Genevieve’s bouquet included local blooms like calcynias, panda anemones, dahlias, and native field grasses.
A Moment With Dad
Genevieve and her father shared a giddy moment before walking down the aisle.
The Best Rain Plan
Guests had a view of the countryside during the ceremony, yet still were protected from the rain.
The Reverend Jacalyn Kane, who officiated, helped the couple write their vows. “We wanted to express our individuality. Scott and I are very different,” says Genevieve. “But we complement each other well—we’re each best at things that the other is worst at.”
A Culinary Cocktail Hour
Mismatched mugs made whimsical vessels for seafood soup during the cocktail hour.
Catch of the Day
A bonito, freshly caught off the island’s coast, provided the raw ingredient for crudo served as hors d’oeuvres.

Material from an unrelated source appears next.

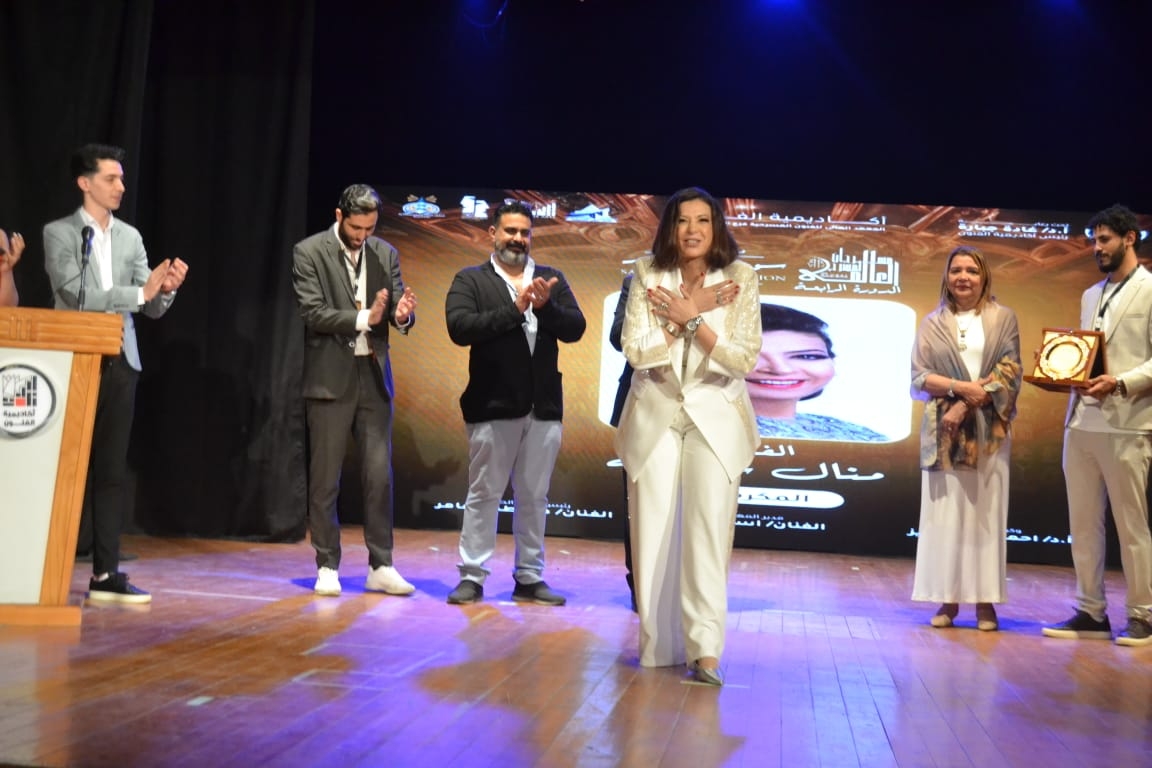 حفل افتتاح مبهر للدورة الرابعة من مهرجان المسرح العالمي بالإسكندرية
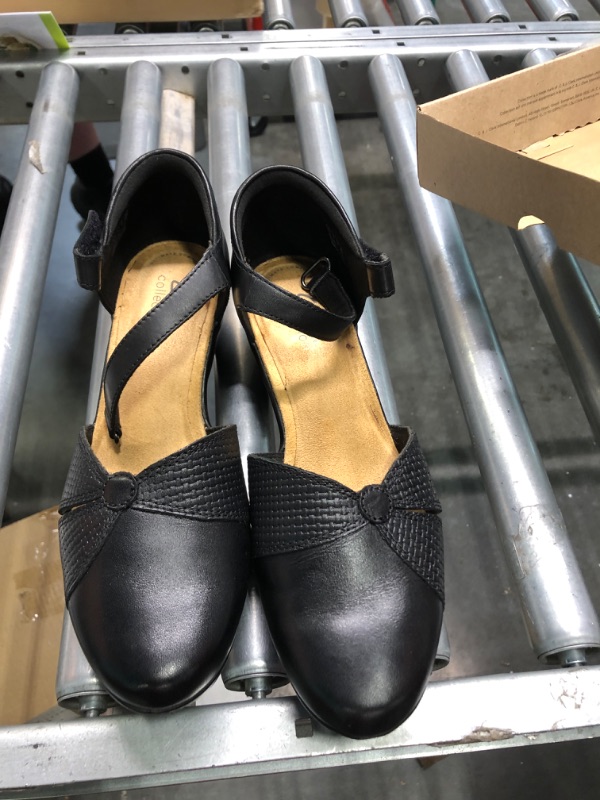 Photo 2 of Clarks Women's Emily Rae Pump 9 Black Leather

The cocktail menu featured two signature drinks: a “Gen-n-Tonic” and a “Scottch,” a spin on their names (and their favorite libations).
A Fashionable Friend
A good friend traveled from England to party with the couple. “Jo works for Jimmy Choo,” says Gen, “so I always love her shoes!”
Made by a DIY Dad
The bride’s father made the seating-chart frame with wood salvaged from his farm in North Carolina.
A Relaxed Scene
More local plants and flowers in narrow vases graced bare wooden tables and adorned each napkin. “Genevieve picked pieces of simple beige grass from the island’s fields and said, ‘This is what I love,’” recalls her florist, Krishana Collins. “So we created wild-meets-cultivated compositions.”
The menu kept with the witty wording of the fête—thanking the chef and the venue’s team for “working so chard and remaining calm” and exclaiming that everything looked “radishing!”
The dinner salad featured kohlrabi, mint, and mixed greens that were gently tossed before being plated.
Mother and Son
Scott and his mother shared their own warm moment during the father-daughter dance.
Genevieve whispered a happy secret to her sister during the reception.